明学から煙のないやさしい街、「東京」を作ろう!

白金通信2018年10月号

 2020年の東京オリンピック・パラリンピック大会まで2年を切りました。 オリンピックは、戦争をやめ競技を捧げ平和を願ったことに由来があります。会場となる街では、その理念に相応しい環境づくりが求められます。新たな禁煙の都条例もその取組みのひとつといえます。

 大航海時代に広がった「嗜好品」
 たばこは「嗜好品」ですが、様々な疾患を誘発することが分かり、現在は国際条約によって多くの国で高い税が課され、屋内喫煙が禁止されています。たばこ成分を直接吸い込むことを1次喫煙、煙成分を吸うことを2次喫煙、あとに残った空気・付着成分を体内に取り込むことを3次喫煙といいます。このうち、知らない間にたばこ成分を体内に取り込んでしまうことを予防するのは最も大切なことかと思います。2018年には、2次喫煙の減少が喫煙しない人の癌死亡率減少につながるという研究結果が出ています。たばこは、喫煙者と周囲、両者への影響を考えねばなりません。

 喫煙する人の中には、やめたいと思っている人もいます。国の喫煙者調査では「たばこをやめたい」29.2%、「本数を減らしたい」33.5%となっています (2014年)。
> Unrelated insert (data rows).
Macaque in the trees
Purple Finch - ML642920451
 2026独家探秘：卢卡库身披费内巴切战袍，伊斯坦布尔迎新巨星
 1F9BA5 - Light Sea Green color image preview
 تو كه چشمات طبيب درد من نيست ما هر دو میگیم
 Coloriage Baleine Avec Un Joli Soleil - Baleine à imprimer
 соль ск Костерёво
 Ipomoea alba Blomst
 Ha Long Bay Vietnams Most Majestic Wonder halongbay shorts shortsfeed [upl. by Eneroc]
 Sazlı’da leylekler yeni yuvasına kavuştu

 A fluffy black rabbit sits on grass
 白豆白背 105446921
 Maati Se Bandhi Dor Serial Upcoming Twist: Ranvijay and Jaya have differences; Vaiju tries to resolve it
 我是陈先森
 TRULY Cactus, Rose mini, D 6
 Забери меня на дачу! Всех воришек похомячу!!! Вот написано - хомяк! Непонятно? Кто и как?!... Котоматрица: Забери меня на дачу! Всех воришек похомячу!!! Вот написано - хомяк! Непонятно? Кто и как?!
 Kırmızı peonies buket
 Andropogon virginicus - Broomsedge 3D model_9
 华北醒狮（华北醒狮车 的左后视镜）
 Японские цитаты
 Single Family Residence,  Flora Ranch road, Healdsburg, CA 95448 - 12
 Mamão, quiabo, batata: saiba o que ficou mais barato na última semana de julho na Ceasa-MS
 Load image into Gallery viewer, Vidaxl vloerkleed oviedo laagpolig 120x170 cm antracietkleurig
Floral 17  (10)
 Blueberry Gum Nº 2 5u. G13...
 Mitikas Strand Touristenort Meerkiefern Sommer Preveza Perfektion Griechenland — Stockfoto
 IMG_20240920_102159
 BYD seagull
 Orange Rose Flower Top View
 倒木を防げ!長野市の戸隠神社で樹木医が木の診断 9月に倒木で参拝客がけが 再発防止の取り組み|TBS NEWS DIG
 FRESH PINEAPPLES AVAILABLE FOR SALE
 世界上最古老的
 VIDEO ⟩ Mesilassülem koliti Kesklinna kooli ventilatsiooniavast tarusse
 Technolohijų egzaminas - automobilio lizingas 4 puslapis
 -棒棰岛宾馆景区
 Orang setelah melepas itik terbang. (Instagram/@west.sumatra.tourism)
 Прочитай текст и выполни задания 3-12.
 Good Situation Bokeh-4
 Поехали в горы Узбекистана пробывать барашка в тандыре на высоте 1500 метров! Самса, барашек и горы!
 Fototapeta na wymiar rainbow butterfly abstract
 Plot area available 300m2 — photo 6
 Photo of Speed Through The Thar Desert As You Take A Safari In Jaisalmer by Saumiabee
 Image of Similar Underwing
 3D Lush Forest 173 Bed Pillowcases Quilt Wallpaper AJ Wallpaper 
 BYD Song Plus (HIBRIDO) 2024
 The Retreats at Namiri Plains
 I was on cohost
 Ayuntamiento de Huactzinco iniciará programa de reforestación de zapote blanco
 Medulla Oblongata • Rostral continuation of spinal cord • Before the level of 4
しかし、ひとたびたばこを吸い始めた人がそれをやめるのは至難の技です。

 どうしてたばこはやめられない?
 それは主成分のニコチンが脳にサイクルを作るからです。これは気持ちや意思とは関係のない脳の物質の問題です。最近はこれを止める禁煙補助薬と禁煙外来があります。薬は強い味方になり、医療スタッフ、家族、友人の励ましとコミュニケーションが大きな支えになります。
 大学でも禁煙プログラムを実施しています。先日禁煙90日を達成した2名の方は、初めは「自分との闘い」で苦しみましたが、友人、スタッフと共に最後までやり抜き、「禁煙はメリットしかない」「人生の機転」と話してくれました。

 みんなで進める共同作業
 1次喫煙を減らし、2次喫煙と3次喫煙をなくしていくことは、喫煙する人と周囲の人のからだとこころをより豊かにする、みんなで進める共同作業といえます。この共同作業で来る大会に各国の方をお迎えすることは、オリンピックの理念に相応しいのではないかと思います。